PDA

View Full Version : Beginners Challenge 3



Randy Flagg
July 19th, 2011, 09:25 PM
Alright I am back for more punishment. I found this challenge really easy. I know I could have done some easier things instead of the .re statement but if you have been following along I just learned it and wanted to try it out.

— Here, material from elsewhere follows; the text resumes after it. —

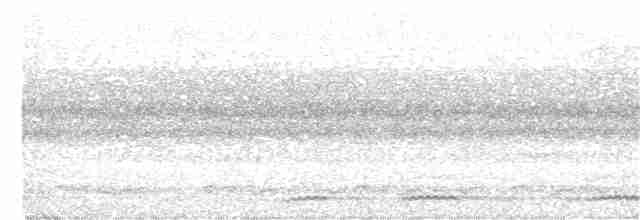 Kestane Sırtlı Serçe Baykuşu - ML283166771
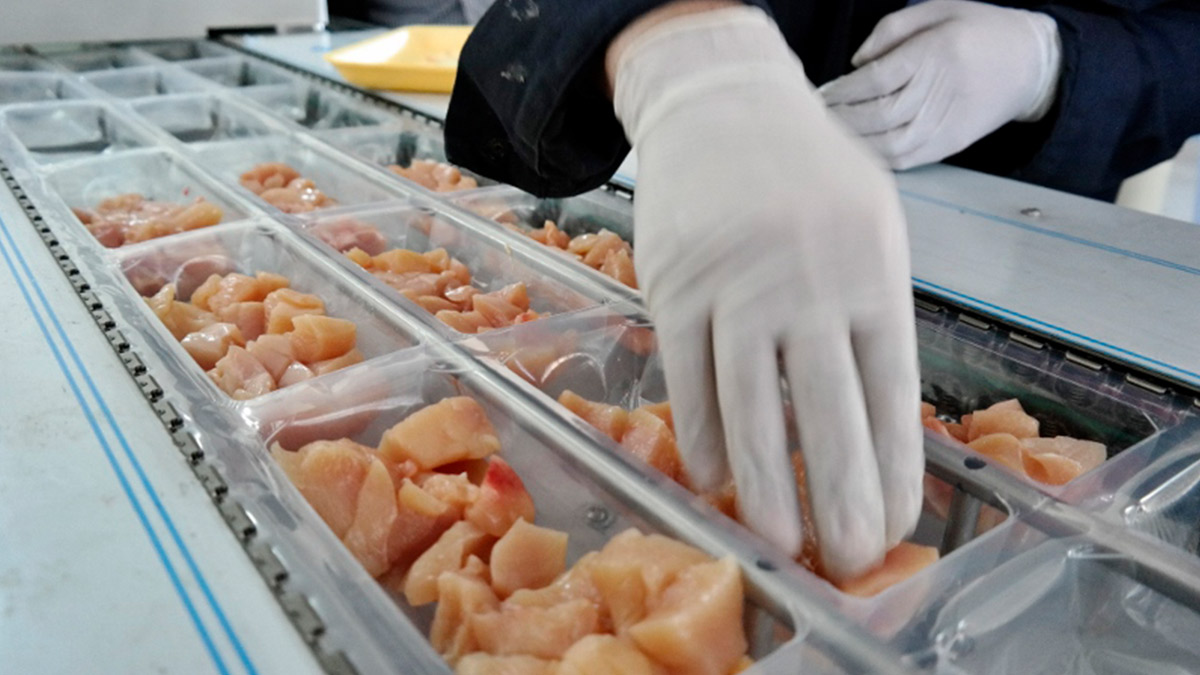 AB'den izin çıktı: Türkiye Avrupa'ya işlenmiş tavuk eti ihracatına hazırlanıyor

Please let me know what you think.

Original Challenge is here:

http://ubuntuforums.org/showthread.php?t=884394



#!/usr/bin/env python
# Ubuntu Forums Beginner Challenge #3
#
#Read all lines from a text file and copy language names beginning with
#S and H to a new file. Also add a line to the original file.

import sys
import re

try:
infile = open('bhaarat.text', 'r+')
except IOError:
print 'This file does not exist in the current directory'


outfile = open('out.text', "w")
linenum = 1
for line in infile:
pattern = re.compile(r'''
^ #tells us to start at the beginning of the string
\d* #match any number of digits
\W #match any non-alphanumberic character
\s #match whitespace
(S+|H+) #match either S or H one or more times
(\w*) #match anything that follows S or H
''', re.VERBOSE)

try:
(lang1, lang2) = pattern.search(line).groups()
lang = lang1 + lang2
outfile.write(str(linenum) + '. ' + lang + '\n')
linenum += 1
except AttributeError:
pass

infile.write('23. English')
infile.close()
outfile.close()

TwoEars
July 19th, 2011, 09:37 PM
Very good :D

One little comment though - instead of



(lang1, lang2) = pattern.search(line).groups()
lang = lang1 + lang2
You could use the reduce function, for example -


lang = reduce(lambda x,y:x+y,pattern.search(line).groups())

Bachstelze
July 19th, 2011, 10:15 PM
Nice try with try but your exception handling is bad for two reasons:

1) If an IOError is raised by open, the error message will be printed but the program will continue running, and eventually crash:


firas@aoba ~ % python test.py
This file does not exist in the current directory
Traceback (most recent call last):
File "test.py", line 18, in <module>
for line in infile:
NameError: name 'infile' is not defined


2) If the file exists but is not readable, an IOError will be raised and your program will say that the file does not exist, which is misleading.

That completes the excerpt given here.